Lawrence Krauss, a theoretical physicist and cosmologist, is the author of the best-selling book, "The Physics of Star Trek." He has contributed to newspapers such as "The New York Times" and "The Wall Street Journal," and has written columns for "New Scientist," "Scientific American" and "Slate." Krauss appears regularly on radio and television.
"We're very fortunate to have Lawrence Krauss join us for the inaugural SMART Festival. He is an engaging speaker and dedicated public educator," said Dr. Natalia Sidorovskaia, a professor of physics at UL Lafayette and head of its Department of Physics. In August, James Dent, a UL Lafayette physicist, co-authored a paper with Krauss that offers a possible explanation about the origin of dark matter, a component of the universe.
Sidorovskaia said the goal of the festival is to interest the public - including young people - in learning more about the connections between science and art. "They are two sides of the same coin, because creativity fuels scientific discovery," she said.
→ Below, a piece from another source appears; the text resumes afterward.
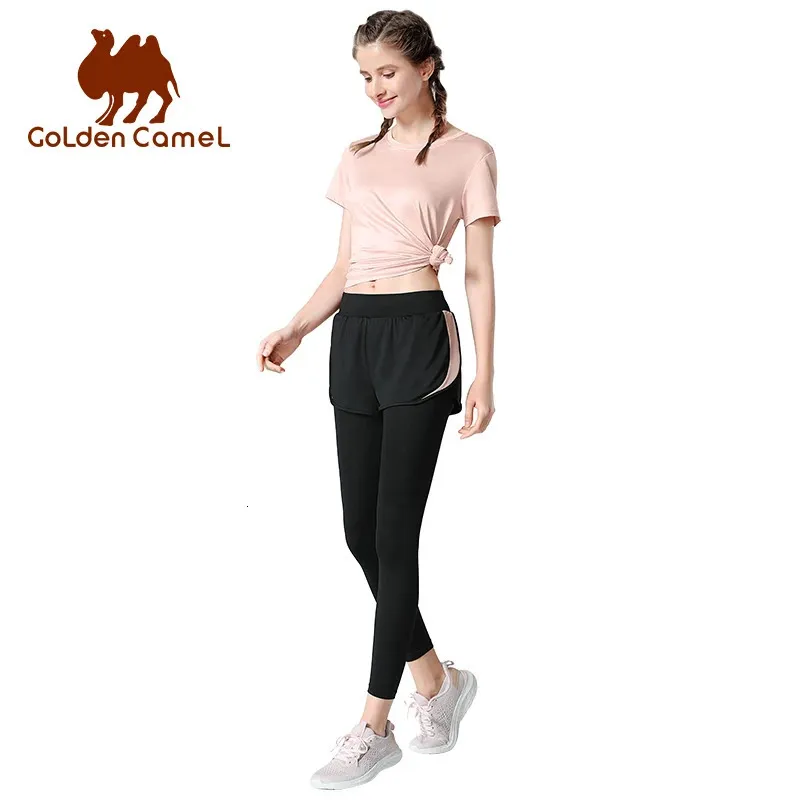 Golden Camel Kobiety odpowiada jogom Tshirts Fitness Gym Suit Summer Professional Shorning Sportswear Shortsleeved Ubrania 240322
The festival, which is free and open to the public, will be held at two locations. It begins Friday evening at the Louisiana Immersive Technologies Enterprise, in the University's Research Park, at 537 Cajundome Blvd. On Saturday, events will be held simultaneously at LITE and at the Paul and Lulu Hilliard University Art Museum, 710 E. St. Mary Blvd.
Friday's lineup begins at 6 p.m., with a performance of electronic music. Robert Skinner and Juliette Ioup of the University of New Orleans will present "The Science and Music of the Theremin." The theremin, an electronic musical instrument, is played without the musician touching the device. Instead, the performer moves his or her hands near two metal antennas to produce sound.
Krauss, who is Foundation Professor of the School of Earth and Space Exploration and director of the University of Arizona's Origins Project, will speak at 7 p.m. The topic of his talk is "The Hidden Universe: The Mysterious Allure of Extra Dimensions." His presentation will be followed by a reception and book signing.
The events on Saturday begin at 10 a.m. at the Hilliard University Art Museum. It will offer two exhibits, "Intimate Science," which was organized by the Miller Gallery at Carnegie Mellon University, and NASA's "Earth As Art."
Also on Saturday, a group of artists from Los Angeles, known as Machine Project, will offer a workshop, "Mind Reading for the Left and Right Brain," at the museum from 10 a.m. to 5 p.m. Participants, who must be 18 or older, will learn basic soldering and electronics skills to create primitive lie detectors. Registration is required as there is a limit of 30 participants.
From noon until 4 p.m. at LITE, visitors can learn what happens behind the scenes in video game design, art and animation design, film effects and 3-D conversions. These activities are offered by LITE and Pixel Magic.
There also will be hands-on demonstrations and talks on topics ranging from dark matter to understanding science through art.